Jumot apeló la sentencia de 2011 varias veces, incluso ante el Tribunal de Apelaciones del Sexto Distrito del estado. Afirmó que un juez de apelaciones debería haber desestimado una llamada telefónica amenazante a Shipsy desde un número bloqueado que los oficiales vincularon erróneamente con Zumot, con dos minutos de diferencia, cuando fueron grabadas por un video de vigilancia en el salón de Palo Alto que poseía, al evaluar a su incompetente abogado.
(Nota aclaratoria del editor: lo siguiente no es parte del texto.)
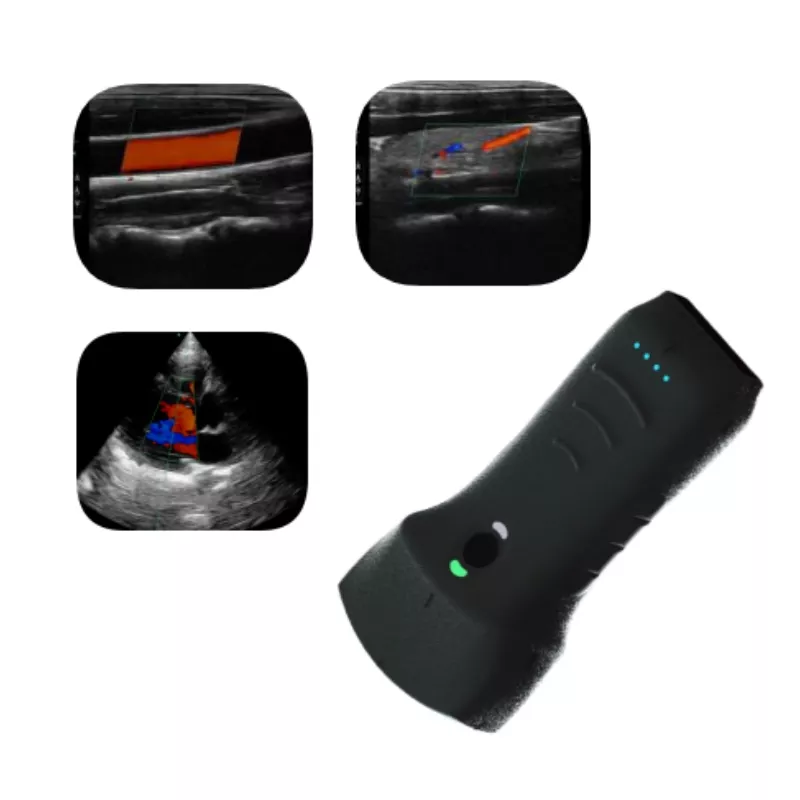 KONTED C10TXpro 3-in-1 Handheld Wireless Ultrasound (192 Elements | 64-Channel)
Abogado Mark Geragos.
Jumot argumentó que el fracaso colectivo al examinar esta evidencia privó a los jurados de la oportunidad de evaluar de manera justa su credibilidad y el caso de la fiscalía en su contra. El juez de distrito federal William Orrick se puso del lado de Jumot y en 2020 emitió un recurso de hábeas corpus exigiendo un nuevo juicio.
Gedeberg dijo que a Orrick le preocupaba que el jurado hubiera llegado a un resultado diferente si las pruebas se hubieran presentado con precisión. Pero insistieron en que el video de vigilancia o los errores de las llamadas telefónicas no proporcionaron a Zumot una defensa creíble contra una investigación policial, argumentando que maltrató a Skipsey durante años, lo que resultó en que ella asistiera a una clase de intervención contra la violencia doméstica el día del asesinato, en un patrón que culminó en su asesinato.
“Todo el mundo se equivocó” durante el juicio original, dijo Gedeberg, “pero incluso con esa información no había coartada”.
Dijo que sus argumentos en el juicio pintaron un panorama abrumador de las repetidas amenazas de violencia de Jumot contra Skipsey para garantizar que la condena de Jumot no se basara en afirmaciones personales: “Este no es un incidente aislado. Es una gota en el océano”.
Esta es una historia en desarrollo. Vuelva a consultar las actualizaciones.